Участие мое в этом деле, как видите, не могло быть интимным, да и началось-то оно через 1/2 года после кончины Алексея Николаевича, когда оставался только один этот саквояж, бесценный для памяти о покойном. К этому дорогому, не для одних только родственников, наследию отношение лиц, чтущих память покойного, было истинно сердечным, лучшим чему доказательством служат тщательная проверка текста и пополнение книги во 2-м и 3-ем издании.
Если Владимир Николаевич, единственный для разрешения Ваших вопросов источник, даст Вам какие-нибудь указания – буду очень рад.
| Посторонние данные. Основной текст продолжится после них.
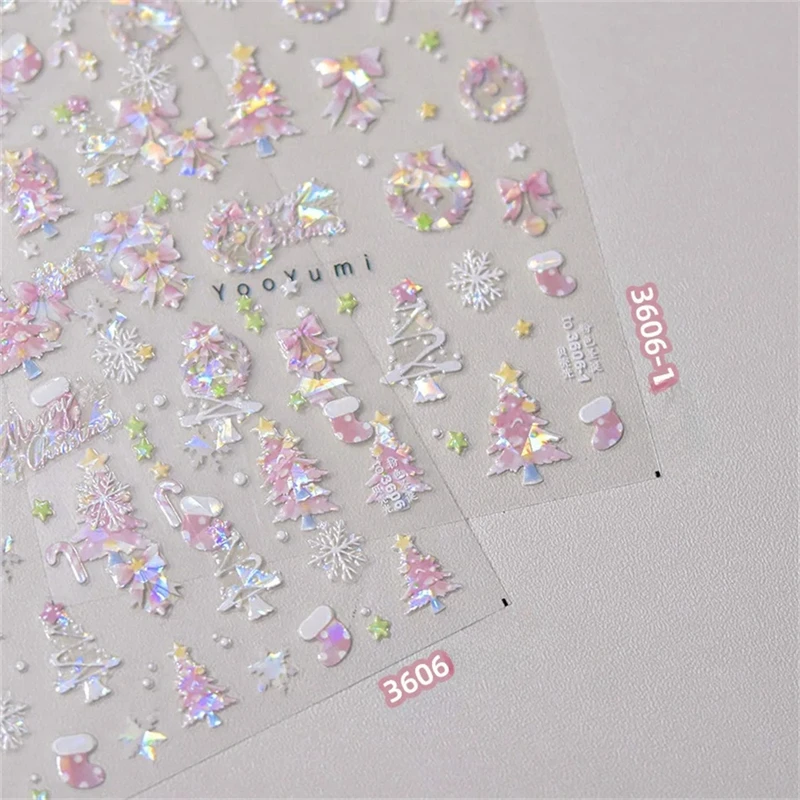 1pcs Pink Christmas Nail Stickers Shiny Shell Light Nail Art Parts Stickers Cute Snowflakes Star Wreath Nail Decorations Decals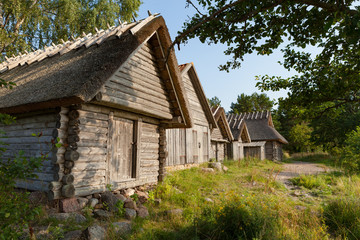 Old fishermen wooden huts of Altja village at Lahemaa National Park, Estonia.
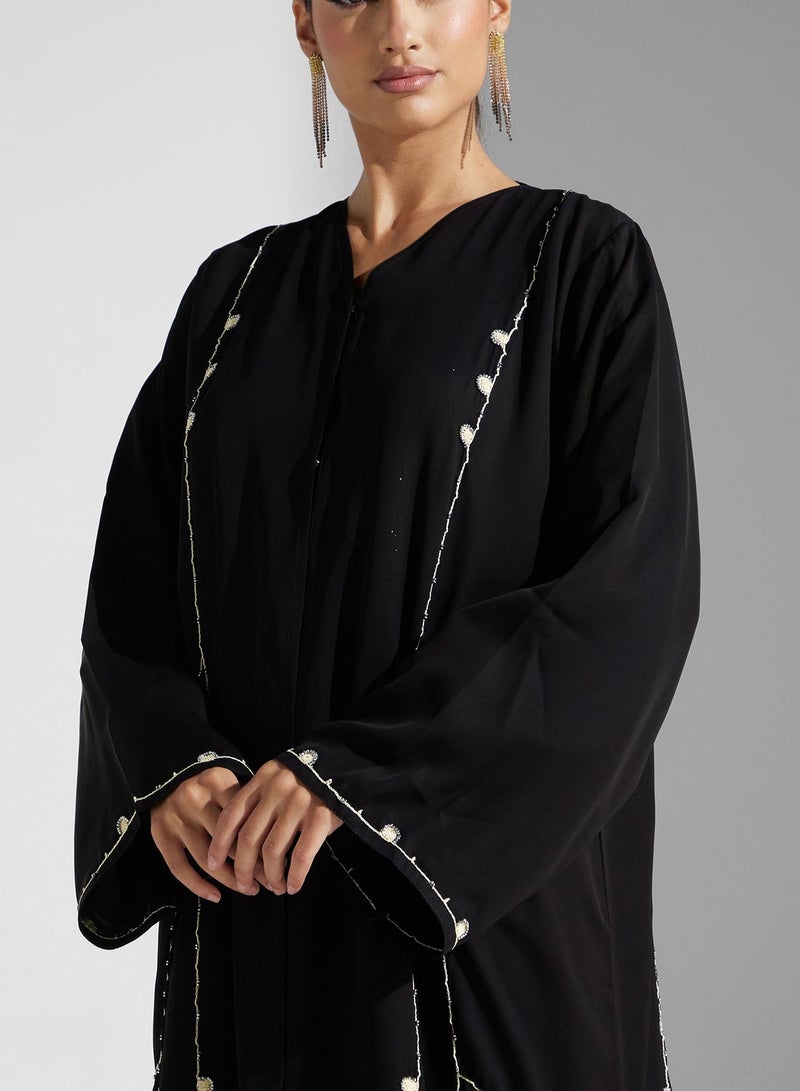 Embellished Flared Sleeve Abaya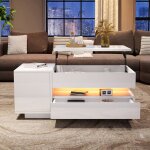 Table basse relevable 1 tiroir + 1 armoire led rangement cach� blanche 95 x 50 x 345 cm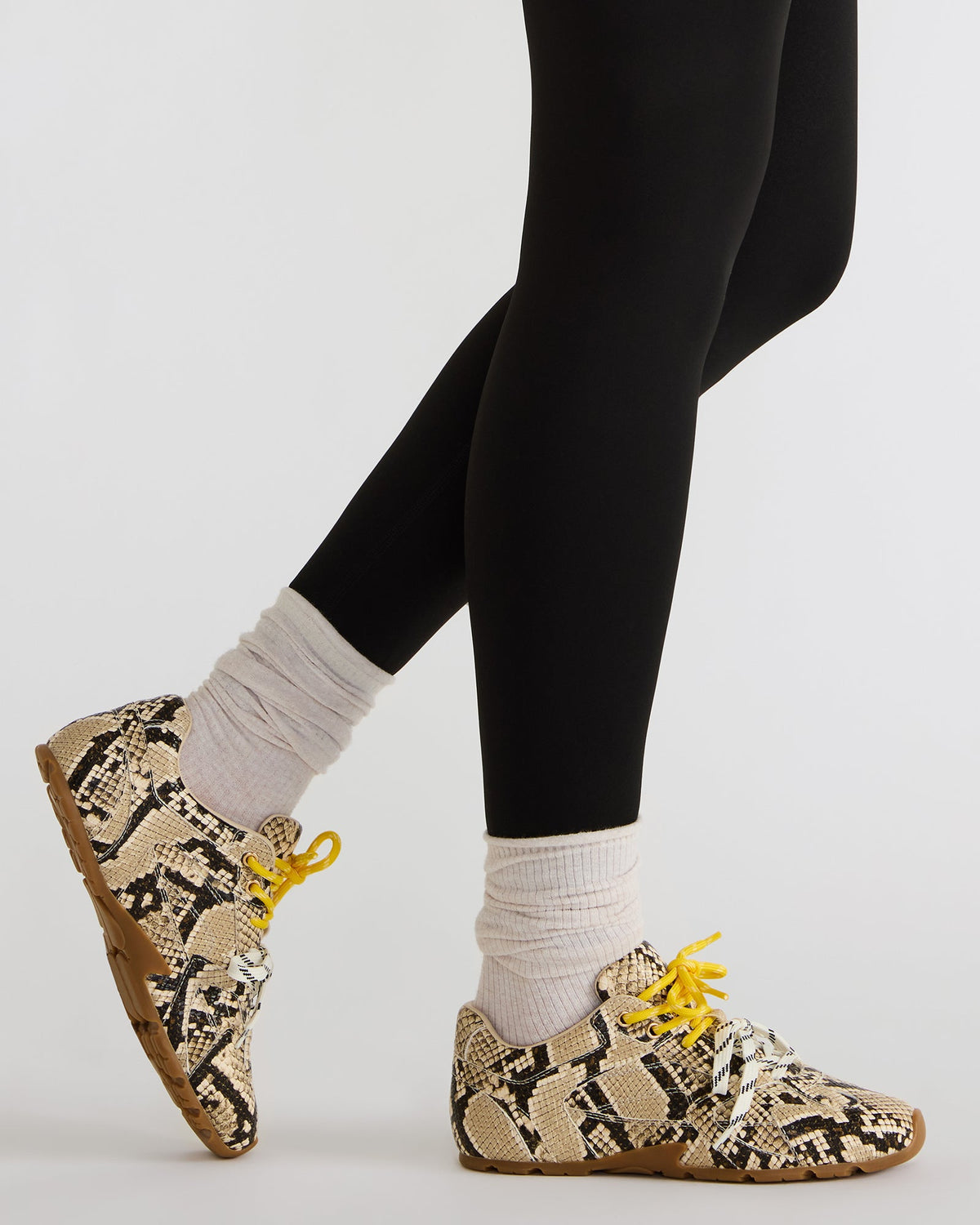AZIEL Tan Snake Low-Top Lace-Up Women's Sneakers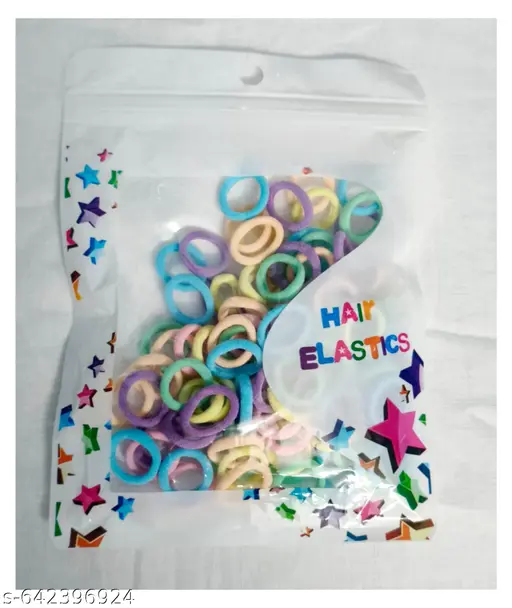 100 pcs multi color Mini Hair ties for girls and kids. Pack of 1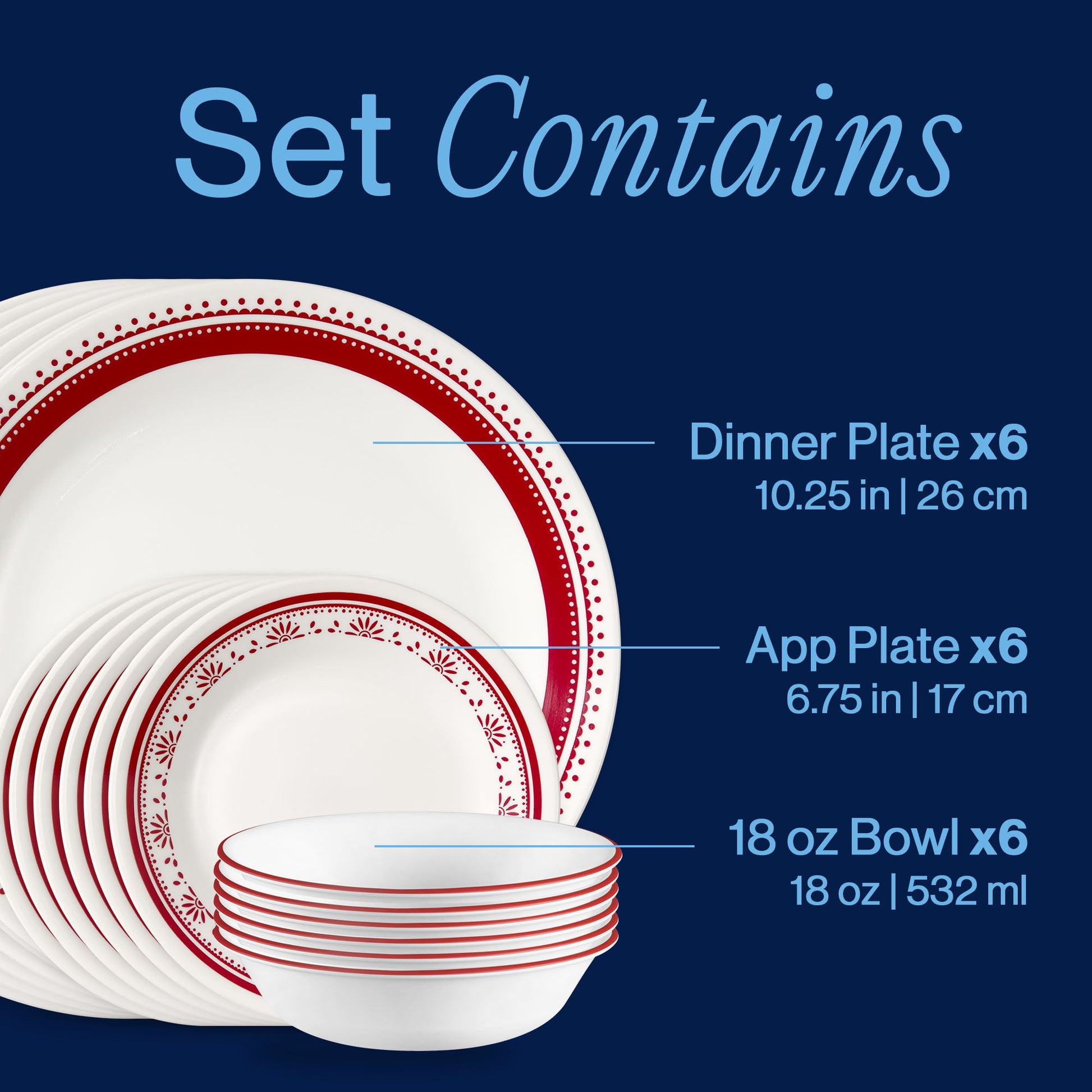 Corelle® Sadie 18-piece Dinnerware Set, Service for 6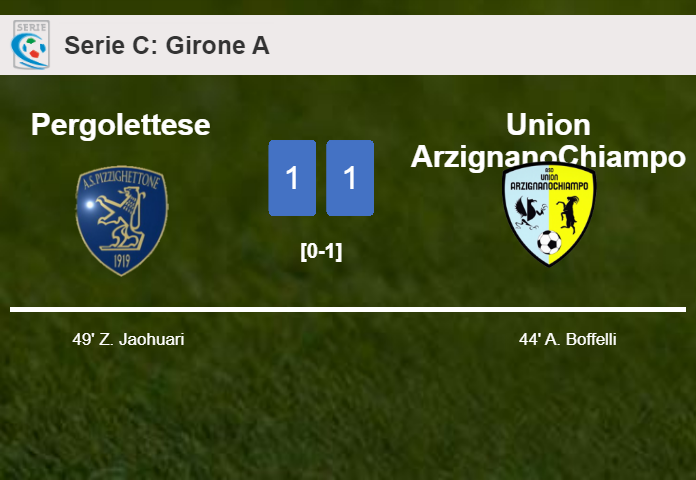 Pergolettese and Union ArzignanoChiampo draw 1-1 on Sunday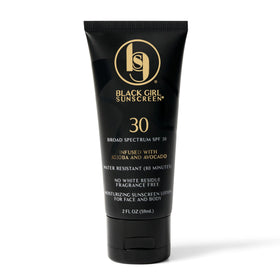 Black Girl Sunscreen front tube showing brand and SPF 30 benefit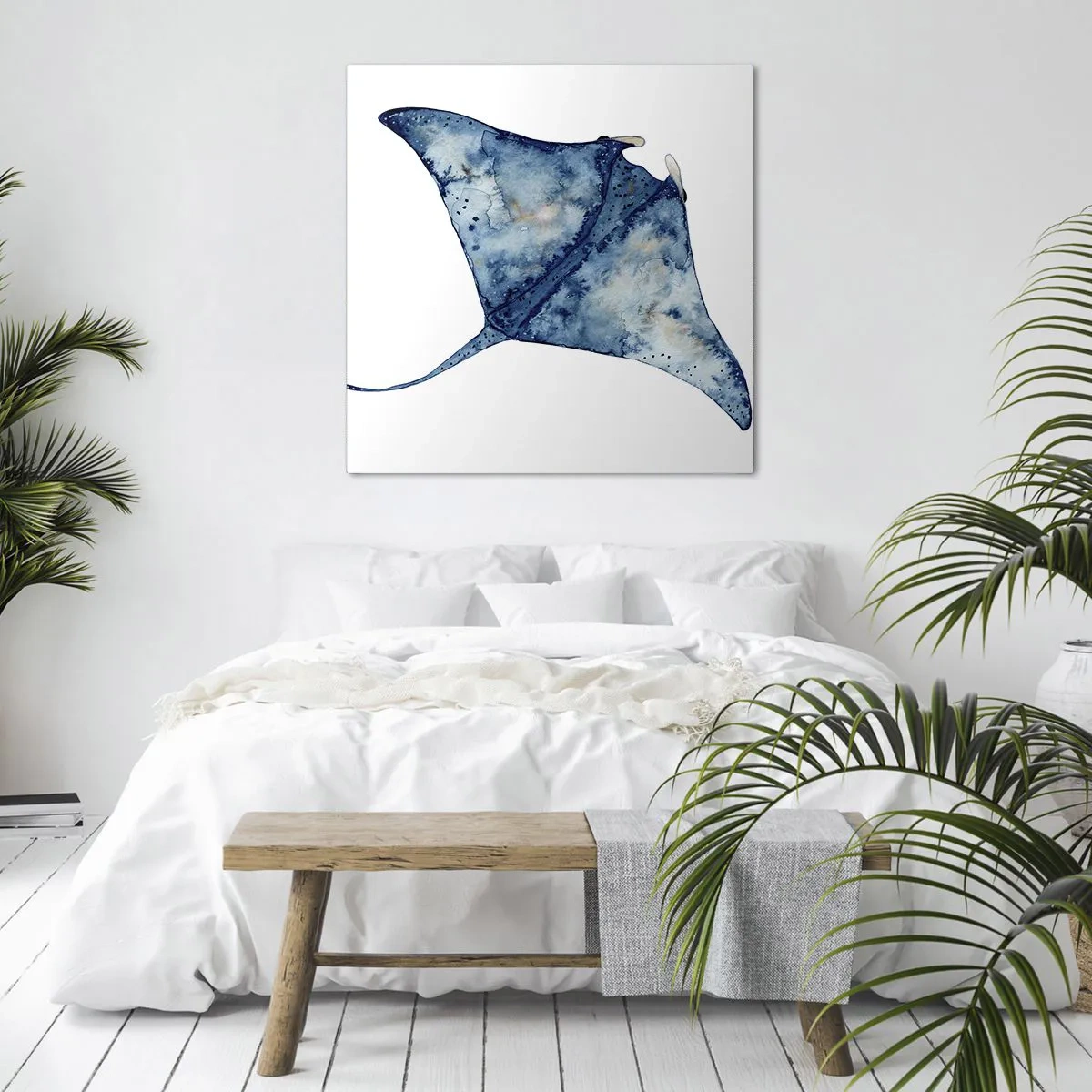 Lærredstryk - Billede på lærred - Liv i blåt - 60x60 cm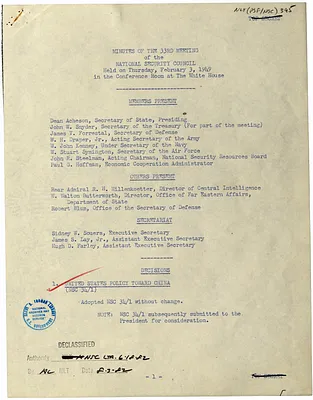 Minutes of the Thirty-Third Meeting of the National Security Council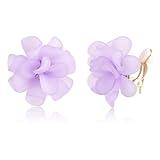 LAXPICOL Fashion Flower Clip On Earrings For Women Cute Lovely Acrylic Purple Flower Earrings No piercing Earrings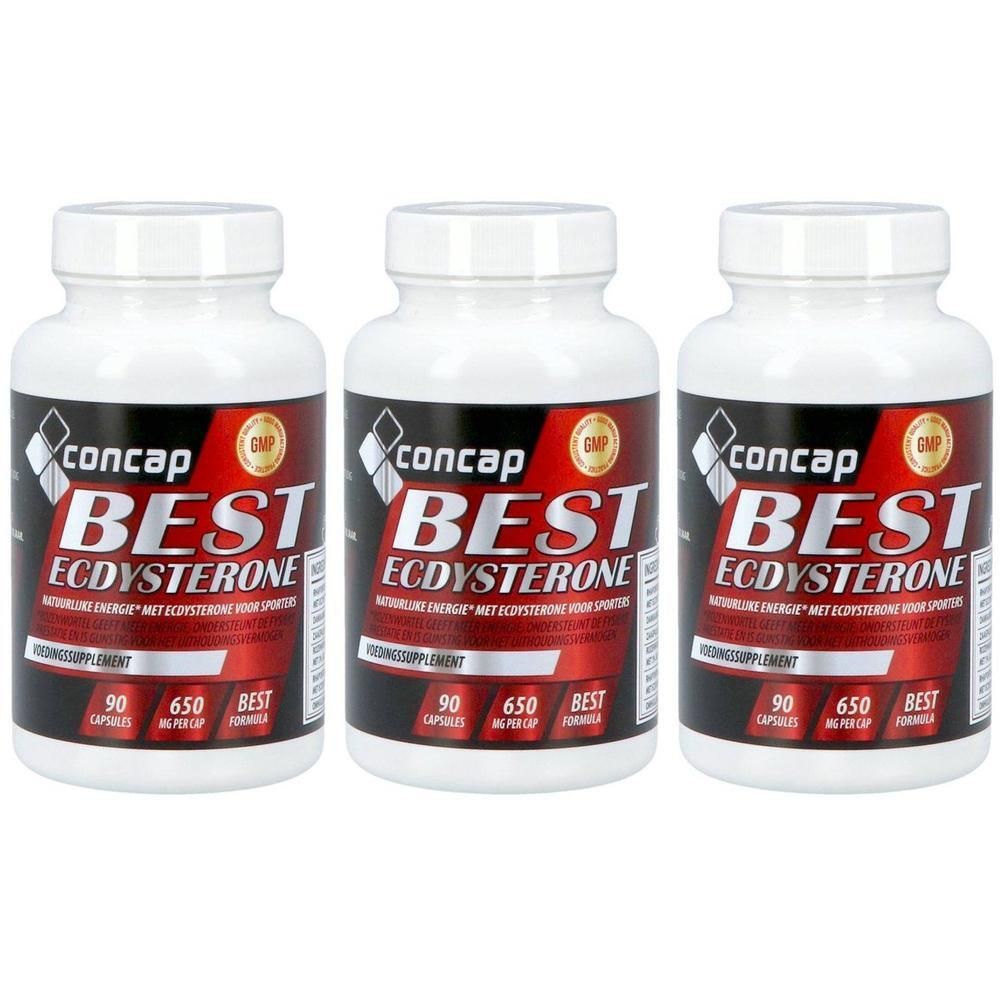 Trois flacons de Concap Best Ecdysterone, supplément alimentaire, 90 gélules chacun.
Примите уверения в моем совершенном почтении и преданности.
А. Гарф.
Инв. № 61991
№ 2
1-го сент<ября> 1906 г.
Милостивый государь Александр Владимирович,
В квитанции на посланный Вам Варварою Андреевною ящик вышло какое-то недоразумение, благодаря суете при укладке вещей перед выездом. 26-го августа Варвара Андреевна уехала в Оренбург на жительство к замужней дочери и, уезжая, передала мне Ваше письмо, с которым я отправился в контору и уладил дело. Думаю, что по прилагаемому письму местное агентство Смоленское выдаст Вам посылку, в получении которой будьте любезны уведомить прямо Варвару Андреевну по адресу: Оренбург, Николаевская ул. 5, кварт<ира> А. М. Труфанова, Ея… и т. д.
Если же Смоленское агентство заупрямится, чего не допускаю, черкните мне, и я буду еще беседовать с местным агентом.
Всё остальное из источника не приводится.